This book was suggested to me and I was thrilled to find it at the public library so quickly after its May 8, 2018 release date. I love that it is an AR 4.2 and 226 pages about a girl standing up for her self, determined to be educated, and facing whatever society, and culture, and circumstance throw at her. The protagonist is 12, but I think most middle school readers will find the story a bit too idyllic, perhaps even too simplistic and neat. I really think the AR level of 4.2 is spot on in terms of writing level, interest, and story telling: 3rd through 5th graders will benefit the most from this inspiring, memorable and informative tale.
Amal lives in a small Pakistani village. The book opens with her begrudgingly having to take time off from school, as the oldest, to help her mother who is about to deliver her fifth daughter. The stage is quickly set to show a supportive father, but the cultural stress involved in educating a girl is incredibly strong. The priority is to care for the home when push comes to shove and this fight is simplified in the book, but not completely belittled. Right away we also see some class divisions with servants and landowners and the various positions in between. It is easy to judge those with money as being evil, but the author does show some nuances in character aside from wealth and position. As Amal’s mom struggles with recovering after the baby, it is decided that Amal will miss more school. This devastates Amal who dreams of being a teacher. Burdened by keeping up the house and carrying for everyone’s meals, laundry, and watching her younger sisters constantly, frustration mounts and she snaps when an arrogant man tries to take her pomegranate in the market. Her simply saying no, is the catalyst that changes her life as the man she stands up to, Jawad Sahib, is the wealthy land owner everyone in town is indebted to. Saved by his mother, Nasreen Baji, who is in need of a personal servant, Amal is now forced to pay off an impossible debt to a cruel powerful family.
In many ways the story doesn’t really get good, until Amal enters the Khan family’s world, about 50 pages in to it, but obviously the character building and detail is necessary, so if you find your kid is getting a bit bored, encourage them to keep going.

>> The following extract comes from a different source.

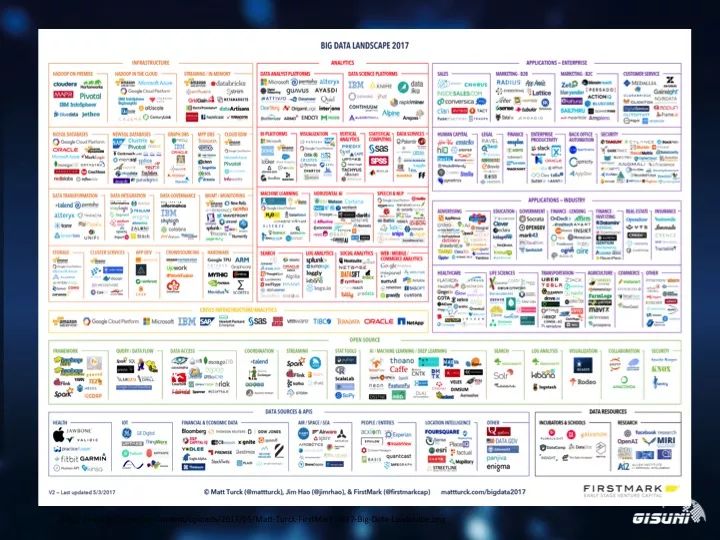 姓氏最新排名,实际确凿数据解析统计_1440p94.459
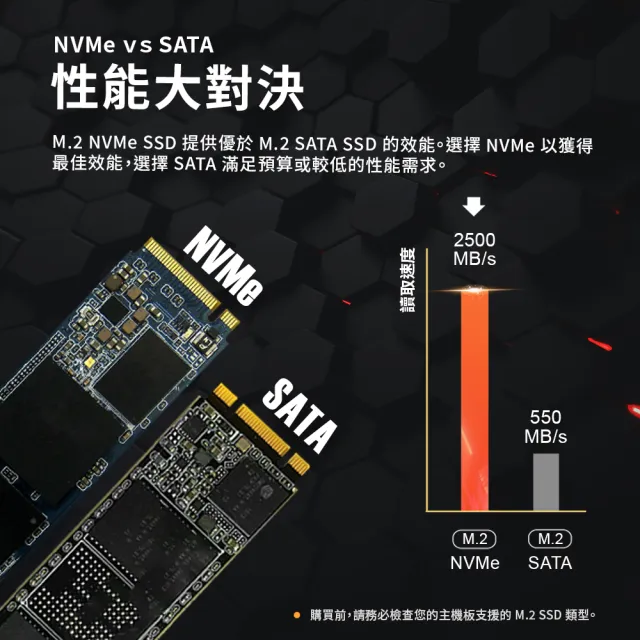 DATO 達多】DP700 1TB M.2 2280 PCIe Gen3x4 SSD 固態硬碟(最高達讀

Once, she arrives at the Khan compound, she begins to make friends, and enemies, and similarly see just how ruthless Jawad Sahib is, and can be. As she finds her own voice and realizes her own role in determining how others treat her, what her future holds, and what power she does have, she is forced to wrestles with the choices in front of her. Ultimately, the reader will cheer for her to take a stand and be bold in doing what is right, no matter the cost. And while one can guess, because of the target demographic, that it has a happy ending, I won’t spoil the climax, the resolution, or outcome of the young heroine.
WHY I LIKE IT:
I love that despite the themes, the story isn’t depressing, in many ways it is informative and inspiring. I think the fact that things are not left to ponder but clearly articulated, has its merits in a book for elementary children who might be overwhelmed by the cultural aspects to think critically on their own. At the beginning, with the birth of yet another daughter, the biggest concern is that the mom is depressed because she hasn’t had a boy. The mom even apologizes to the dad about this. The neighbors, friends, everyone seems so upset about it, but Amal doesn’t understand why the women particularly seem disappointed, when they themselves were little girls once, and this simplistic point of view on such a complex and real issue, is so spot on and obvious, I loved it. The mom and dad point out that it is God’s doing and they clarify that they are not sad the baby is a girl, and to me it seems obvious the mom is suffering from postpartum depression, but the book only describes it, it doesn’t identify it. I also love that there is perspective on how while Amal is in forced servitude and thus not free, either is her female boss, who is unable to go visit her family, or to garden. This helps amplify that even the wealthiest woman, is still limited to be truly free in the context of the character’s world.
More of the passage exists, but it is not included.